其次，原始引擎代码之中，会调用hooks。

void Engine::evaluate_function(

    std::shared_ptr<GraphTask>& graph_task,

    Node* func,

    InputBuffer& inputs,

    const std::shared_ptr<ReadyQueue>& cpu_ready_queue) {

  // If exec_info_ is not empty, we have to instrument the execution

  auto& exec_info_ = graph_task->exec_info_;

  if (!exec_info_.empty()) {

    auto& fn_info = exec_info_.at(func);

    if (auto* capture_vec = fn_info.captures_.get()) {

      // Lock mutex for writing to graph_task->captured_vars_.

      std::lock_guard<std::mutex> lock(graph_task->mutex_);

      for (const auto& capture : *capture_vec) {

        auto& captured_grad = graph_task->captured_vars_[capture.output_idx_];

        captured_grad = inputs[capture.input_idx_];

        for (auto& hook : capture.hooks_) {

          captured_grad = (*hook)(captured_grad); // 这里调用 hook，就是 DistAccumulateGradCaptureHook 的 operator()，captured_grad 就是累积的梯度

        }

      }

    }

  }

  // 后续省略

DistAccumulateGradCaptureHook 的 operator() 方法之中，会调用下面来累积梯度。

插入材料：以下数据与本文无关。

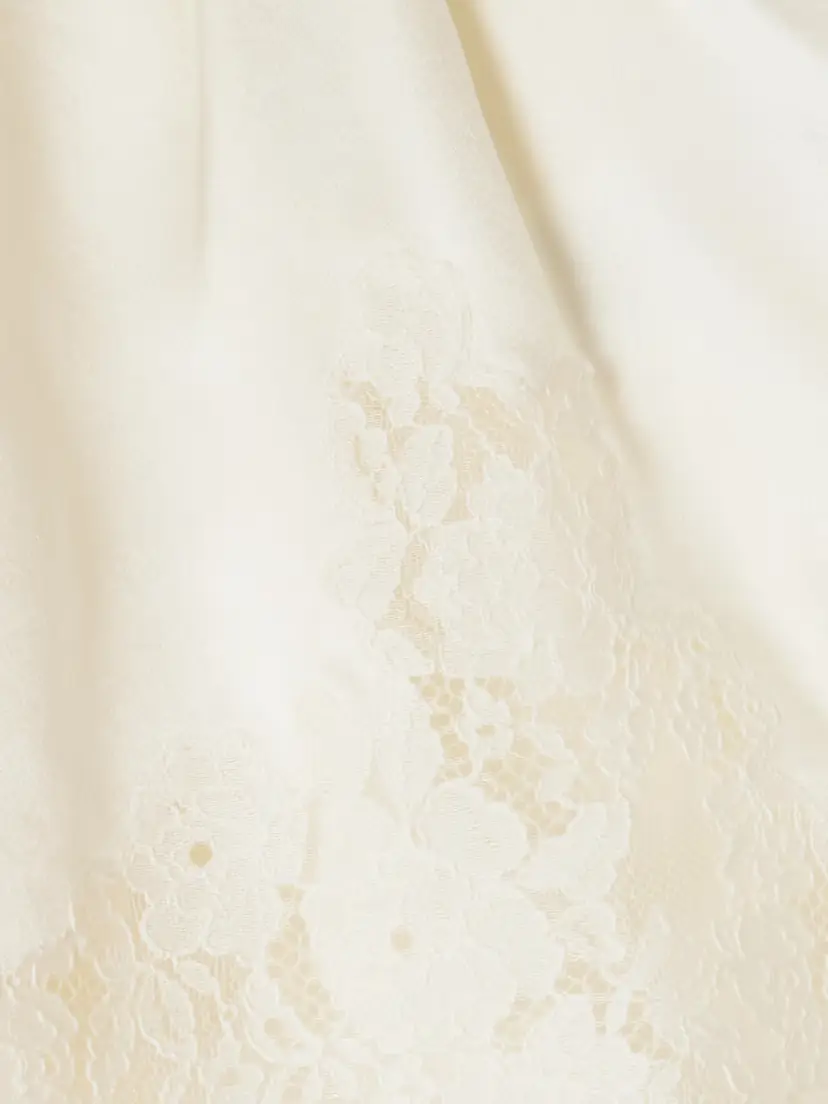 DÔEN Iona Lace-trimmed Silk-satin Shorts | Thumbnail 4 DÔEN Iona Lace-trimmed Silk-satin Shorts | Thumbnail 4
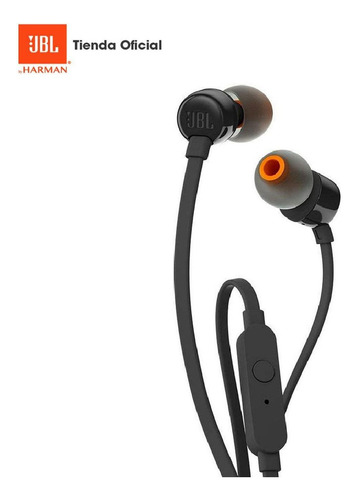 Audífonos Jbl T110 In-ear Negro Color Black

  autogradContext_->accumulateGrad(

      accumulateGrad_->variable, inputGrads[0], 3 /* num_expected_refs */);

4.4 累积梯度

4.4.1 上下文累积

void DistAutogradContext::accumulateGrad(

    const torch::autograd::Variable& variable, // variable就是目标变量

    const torch::Tensor& grad, // grad就是梯度，需要累积到variable之上

    size_t num_expected_refs) {

  std::lock_guard<std::mutex> guard(lock_);

  auto it = accumulatedGrads_.find(variable);

  at::Tensor old_grad;

  if (it != accumulatedGrads_.end()) {

    // Accumulate multiple grads on the same variable.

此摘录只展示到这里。